▶ [Exercise description]
Under this line is some data; print exactly the lines from the one containing "18010 Svensson Slade" through its last line, without pictures.

----- Data below

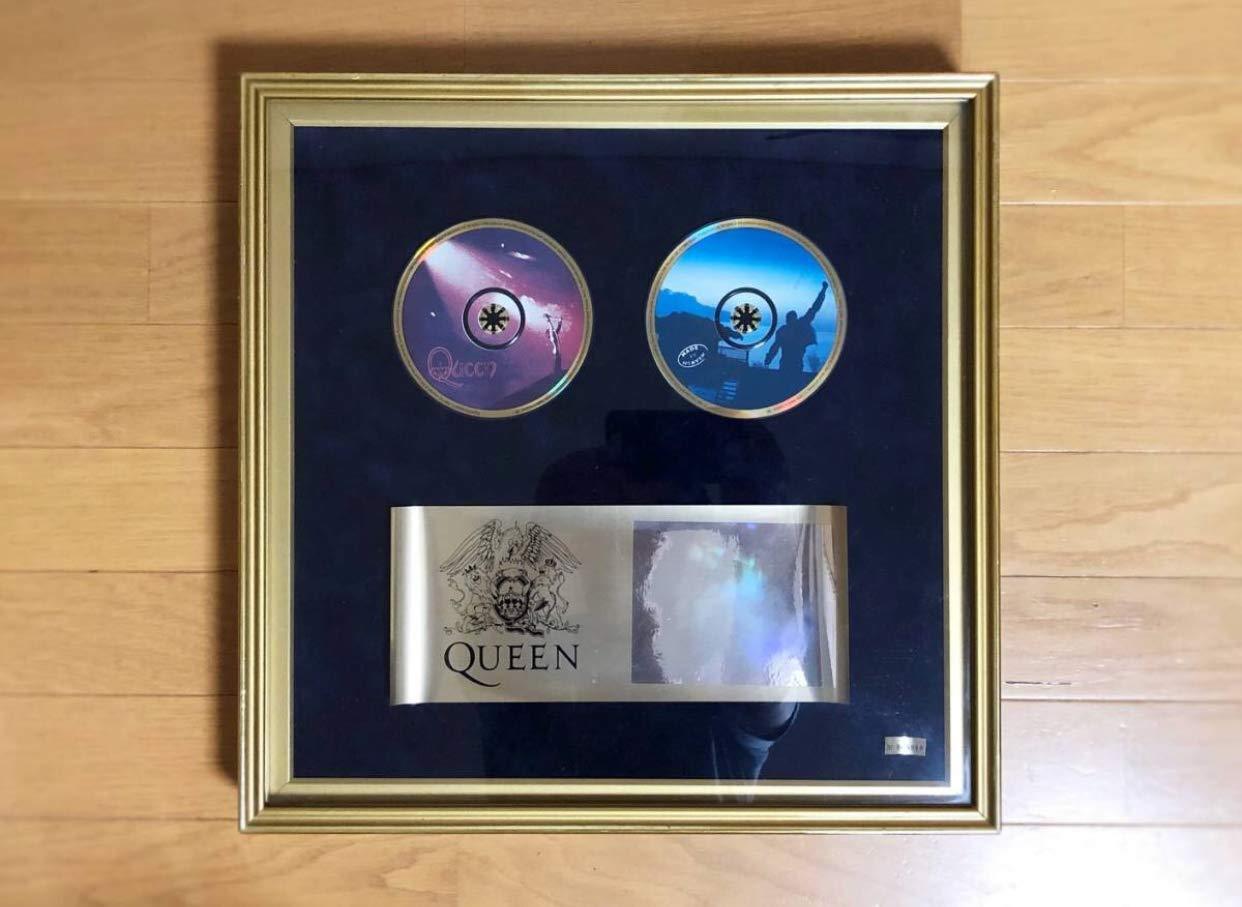 THE ULTIMATE COLLECTION CD 20 set BOX of QUEEN Used Rare | eBay THE ULTIMATE COLLECTION CD 20 set BOX of QUEEN Used Rare | eBay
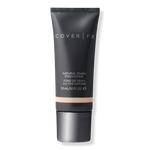 COVER FX Natural Finish Foundation 
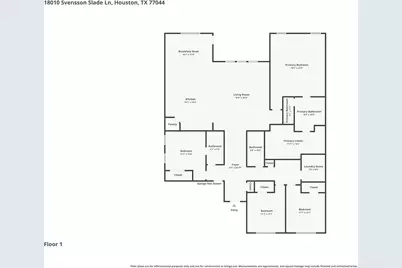 18010 Svensson Slade Lane, Houston, TX 77044 - Photo 36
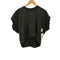 エイチビューティーアンドユースユナイテッドアローズ H BEAUTY & YOUTH UNITED ARROWS 24SS クリアコットン ショートプルオーバー レディース FREE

----------

▶ [Answer]
 18010 Svensson Slade Lane, Houston, TX 77044 - Photo 36
 エイチビューティーアンドユースユナイテッドアローズ H BEAUTY & YOUTH UNITED ARROWS 24SS クリアコットン ショートプルオーバー レディース FREE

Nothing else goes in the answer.